Previously known as multiple personality disorder, DID is a complex and rare (one in 200,000) psychological condition caused by severe and repeated trauma during early childhood. It is an extreme form of dissociation, a mental process which produces a lack of connection in a person’s thought memories, feelings, actions and sense of identity. The dissociative aspect is thought to be a coping mechanism – the person literally shuts off or dissociates themselves from a situation or experience that’s too painful to assimilate with their conscious self.
For the first time in her life, Fitzpatrick felt some insight not only into the whirlwind in her head, but to the fragmented puzzle of her life. At the same time, with its poor prognosis and her awareness that, at any time, one of her alters could step in, the DID diagnosis terrified her.

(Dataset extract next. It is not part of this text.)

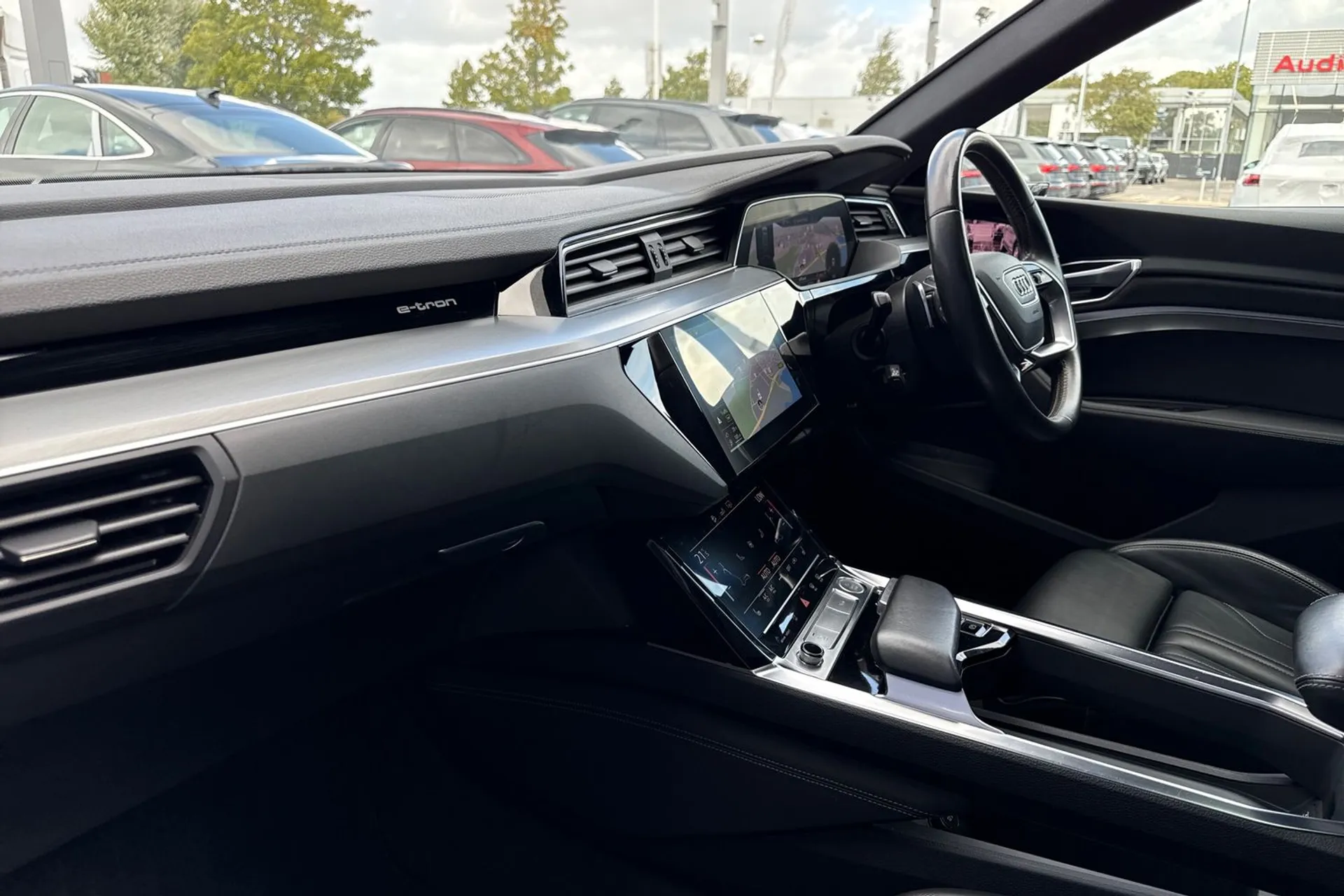 Audi e-tron thumbnail image number 31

“It was the most frightening time of my life, getting that diagnosis and dealing with it,” she says shakily. “And part of the fear is that half the world will say, ‘See, we were right.’ I never denied there was something, because I have never been delusional. But things may have happened and I didn’t even know it.”
With no support group to turn to, no medical insurance and limited finances, Fitzpatrick dove into working with a counselor from the local behavioral health center who himself has had little experience with DID, which cannot typically be treated with medication. She began sessions of Accelerated Resolution Therapy (ART), a process that fosters rapid recovery by reprogramming how the brain stores traumatic memories and imagery. The treatment incorporates memory visualization techniques, enhanced by the use of horizontal eye movements, as well as memory reconsolidation, to incorporate new information into existing memories.

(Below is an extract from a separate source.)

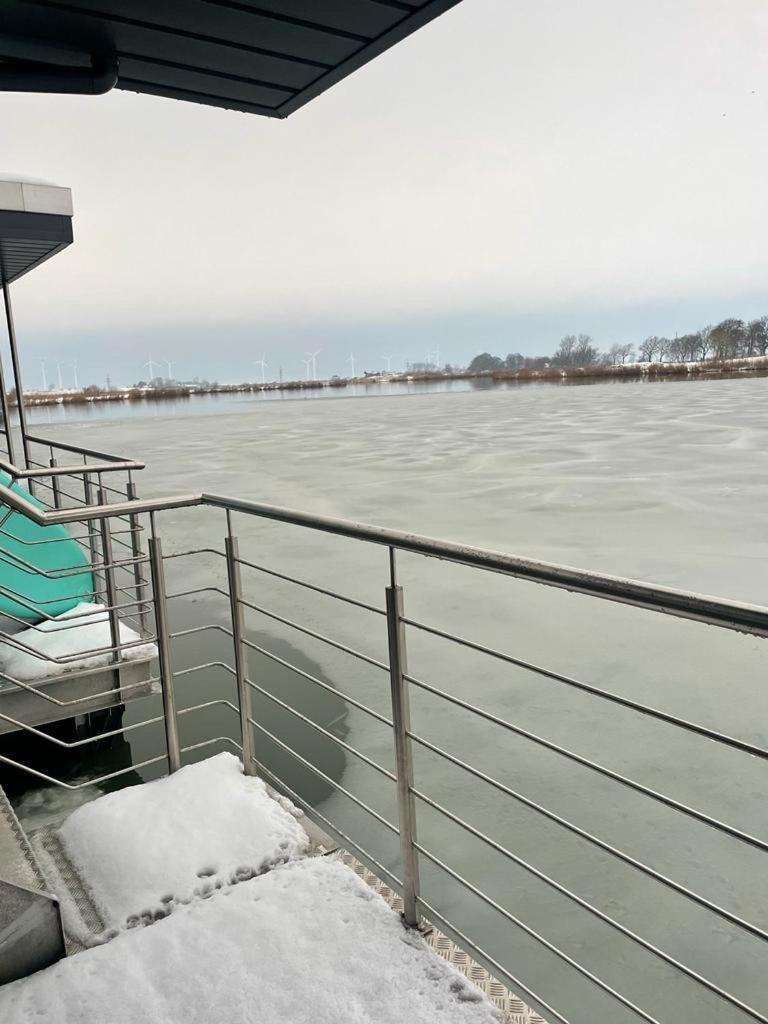 Hausboot Der Frieslaender Im Wangermeer Шилліг Екстер'єр фото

While the technique has allowed her to revisit and resolve some recent traumas, she’s yet to face the destructive scars of her youth. That she now knows the hum in her head represents different “alters” with different intentions is little comfort; she worries that DID may be responsible for many suicides that have not been previously understood “and that if something happens that’s extremely stressful, I could lose control over myself and take this option.”
“I may have heard every word of encouragement the people who took me in gave me, but it’s entirely possible that I might not always have access to that,” she says. “I now know that had either of my suicide attempts been successful, I would not have been counted as someone who has this disorder. And similarly, many people may have done it without meaning to leave people behind because they did not know themselves that their mind works this way.”
Fitzpatrick plans to move from Sarasota in the coming months, looking for a fresh start. But she knows “the stress and trauma of modern life is going to be part of my world wherever I am” and she wonders if she will ever be able to come to terms the trauma she was trained so well to hide.
“The thing about trauma – when there’s this much and there is a pattern that’s been set – is that you can deal with it to some degree, but there’s always residual,” she says. “Unfortunately, the way our society has traditionally dealt with trauma puts the burden on the person who has experienced the trauma.”